L'exercice consiste à présenter la situation de l'entreprise, ses ressources, ses besoins et ses actifs pour que les sauveteurs potentiels aient les cartes nécessaires en mains pour déposer des offres d'ici au 26 avril, pour finaliser un accord d'ici juillet 2024. Pour disposer d'un peu de temps afin d'éviter de négocier avec le couteau sous la gorge, Atos s'est mis d'accord avec un certain nombre de banques, de créanciers et avec l'Etat pour obtenir des financements de court terme.

Pour synthétiser :

  • Le projet a été monté sans cession d'actifs, mais elles sont possibles.
  • Atos a besoin de 1,2 milliard d'euros sur 2024/2025 (600 M€ de liquidités via emprunts ou capitaux propres; 300 M€ de facilité de crédit; 300 M€ de garanties bancaires).
  • Un accord de financement intermédiaire de 450 M€ a été signé en attendant l'arrangement définitif. Il comprend 300 M€ d'affacturage auprès des banques et 100 M€ de financement des porteurs d'obligations. Les 50 M€ restants proviennent de l'Etat, selon un dispositif qui mérite l'attention et que nous détaillons ci-après.
  • Les propositions concrètes sont attendues d'ici le 26 avril, pour une finalisation d'ici juillet.

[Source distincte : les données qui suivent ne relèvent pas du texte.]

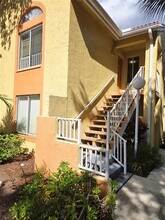 922 Coral Club Dr in Coral Springs, FL - Building Photo - Building Photo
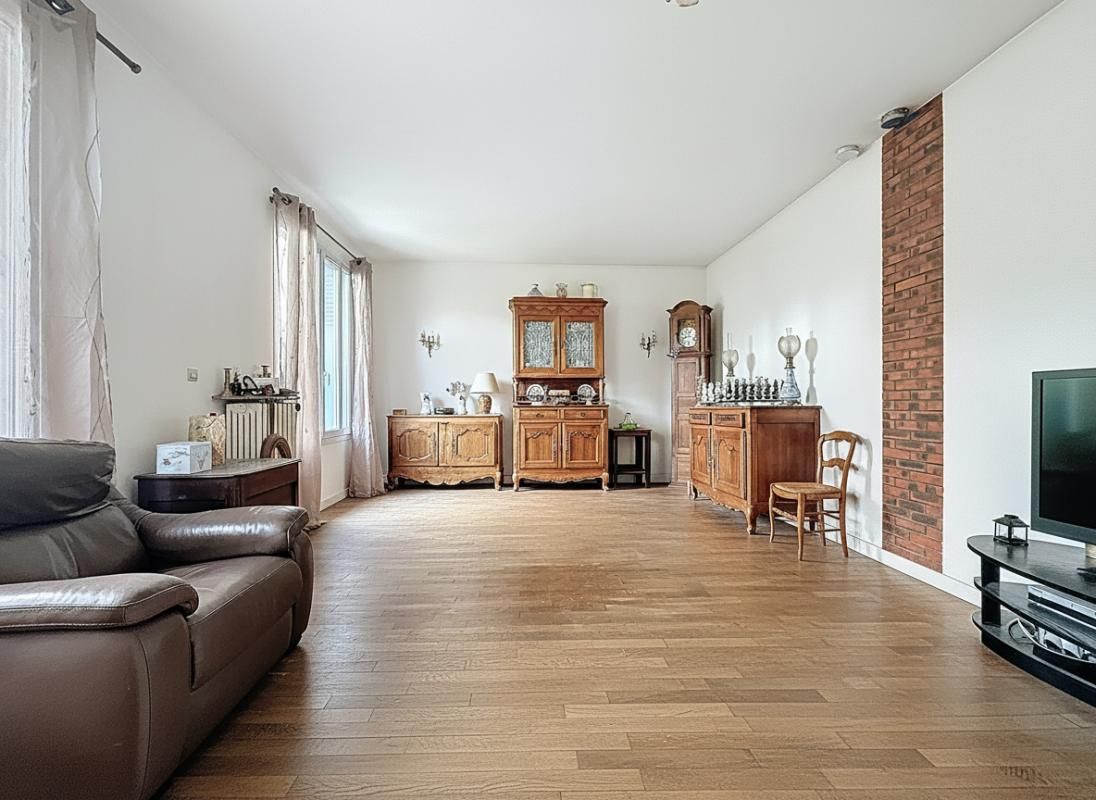 LE KREMLIN-BICETRE Maison  4 pièces de 126  m2  de surface.  85 m2  habitables 2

La protection des intérêts souverains

Dans le cadre de la restructuration à venir, l'Etat français a mis une option sur la filiale Bull SAS, qui contrôle les activités sensibles souveraines du groupe. Paris accorde à Bull un prêt de 50 M€ par l’intermédiaire du FDES (Fonds pour le Développement Economique et Social), qui fait partie des 450 M€ de l'accord de financement intermédiaire. En contrepartie, Atos va émettre une action de préférence Bull SA au profit de l’Etat, "qui, avec les protections contractuelles, lui accordera des droits de protection sur ces activités souveraines sensibles, dans le cadre d’une documentation juridique à finaliser". L'Etat français disposera d'un droit d’acquérir des activités souveraines sensibles en cas de franchissement par un tiers du seuil de 10% ou d’un multiple de 10% du capital ou des droits de vote d’Atos et qu’Atos et l’Etat français ne sont pas parvenus à un accord "raisonnable" sur les modalités de préservation des intérêts nationaux en relation avec ces activités souveraines sensibles. Il prévoit également "des droits de gouvernance pour l’Etat au niveau de Bull SA" mais "sans droit de vote à ce stade". Tout cela est très imprécis, ce qui ne devrait pas ravir les éventuels repreneurs.

Atos a aussi fourni des objectifs ambitieux pour 2027. Il semblent "irréalistes", selon l'analyste d'AlphaValue Hélène Coumes, qui doute des ambitions affichées pour Eviden, tant sur la croissance que sur les marges.

La présentation des projets de l'entreprise n'a rien enlevé du flou qui entoure l'avenir d'Atos. Le dossier reste hautement spéculatif et les créanciers vont gagner du pouvoir contre les actionnaires, avec un risque de dilution élevé à très élevé.